Jean-Christophe Sandt réalise, écrit et produit là son premier film : un mélodrame sur la perte de l’être aimé et la reconstruction sentimentale. L’ingénieur à la ville s’est appuyé sur les moyens d’une école de cinéma de la région lyonnaise, l’Arfis, pour monter l’équipe technique, et sur les conseils de l’association L’Accroche Scénaristes pour préparer le scénario. Cette économie resserrée est palpable à l’écran : lumière criarde, décors simples dans des appartements étroits, et surtout, écriture négligée. Ajouté à l’absence de regard sur le couple, le résultat ressemble à un mauvais soap opera.
À gros sabots
Mathilde et Vincent, jeunes mariés, forment un couple heureux qui se prête encore au jeu de la séduction. Le film s’ouvre par un parcours à énigmes dans les rues de Lyon construit par Vincent pour surprendre sa femme. Une fois réuni, le duo s’offre une partie de campagne entre balade en barque, pique-nique et promenade à vélo. Après cette journée de bonheur entre amoureux, Mathilde décède subitement dans son sommeil, victime d’une rupture d’anévrisme. Vue en montage parallèle, la vie de couple de Laurence tombe au contraire irrémédiablement dans la routine, qui l’entraîne vers une petite mort. Une nuit, elle décide de claquer la porte pour ne plus jamais revenir. Suit un pénible travail d’introspection de ces deux âmes à la dérive : le veuf et la fugueuse confient leurs doutes existentiels à leurs amis respectifs. Et si Vincent trouve un échappatoire dans les histoires d’un soir, Laurence ne parvient pas à séduire d’autres hommes.

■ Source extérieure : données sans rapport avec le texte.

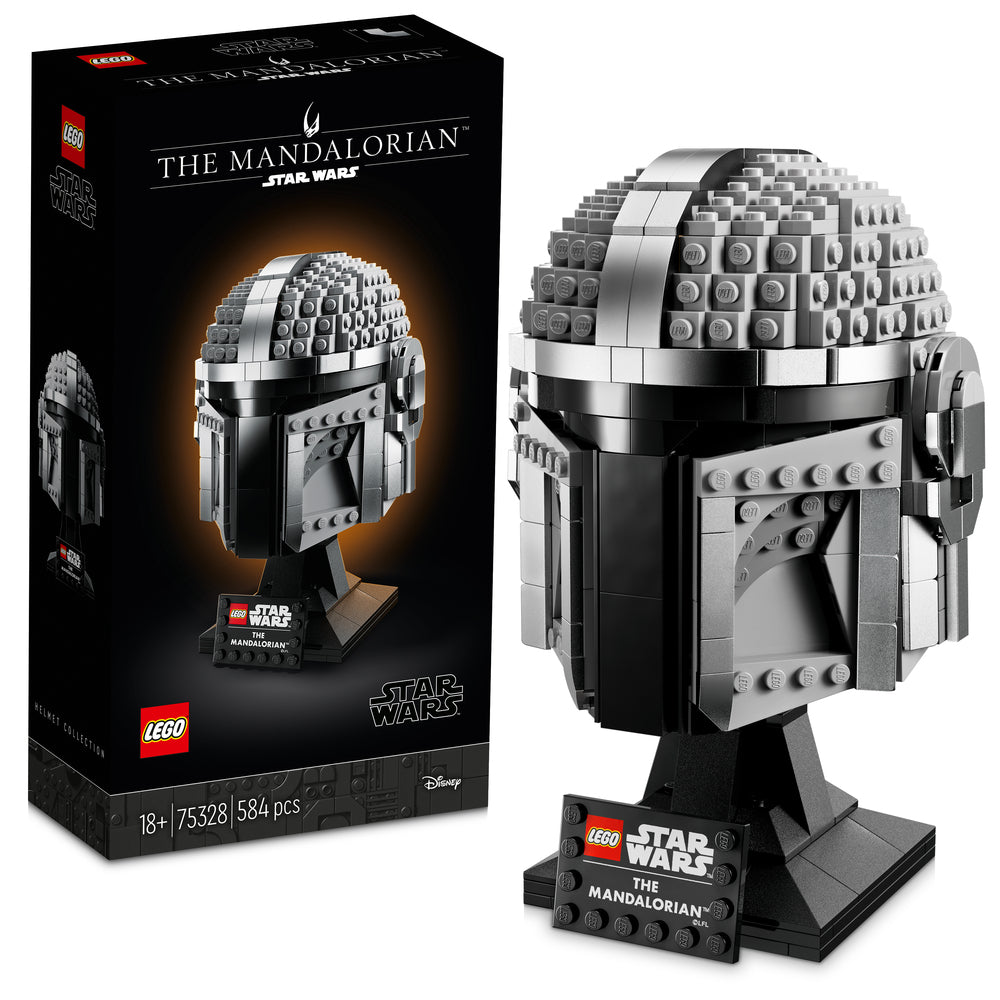 D2 75328 LEGO Star Wars Mandalorianerens hjelm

De là point le premier défaut du film : des stéréotypes de genre sont convoqués par l’auteur dans la manière de filmer la traversée du deuil de l’amour perdu. Bien qu’en proie à la culpabilité, l’homme affronte la perte en Dom Juan à la force de séduction intacte ; la femme, peinte en vieille fille aux yeux cernés, se retranche dans la logorrhée pour dissiper ses doutes. L’heureux prélude annonçait déjà un angle caricatural par la superposition de notes de guitare sirupeuses et de fondus enchaînés. Après le drame, une scène d’égale mièvrerie dépeint la tristesse de Vincent, dans laquelle une Mathilde ressuscitée pianiste apparaît sous les pleurs de son ancien époux. Et pour surligner davantage le trait, il pleut.
Une récitation d’automates
L’inanité de ce film atteint son apogée dans les dialogues, insipides de bout en bout. On navigue entre poncifs absolus ânonnés à plusieurs reprises — « prends soin de toi », déclarations sentencieuses et fautes de tons. Les personnages se répondent comme des traducteurs automatiques d’ordinateur avant d’adopter soudainement un verbe de charretiers — entendre le fameux « touche-moi les couilles et dis je le jure !» balancé par Vincent à Mathilde dans le lit conjugal. On sent pourtant chez l’auteur une velléité de faire circuler la parole sur une note rohmérienne : une description des sentiments amoureux exprimée sans retenue. Mais le film souffre cruellement de la comparaison avec son modèle, trahit par la vacuité des conversations qui traversent des scènes de confidence factices sur le thème du carpe diem.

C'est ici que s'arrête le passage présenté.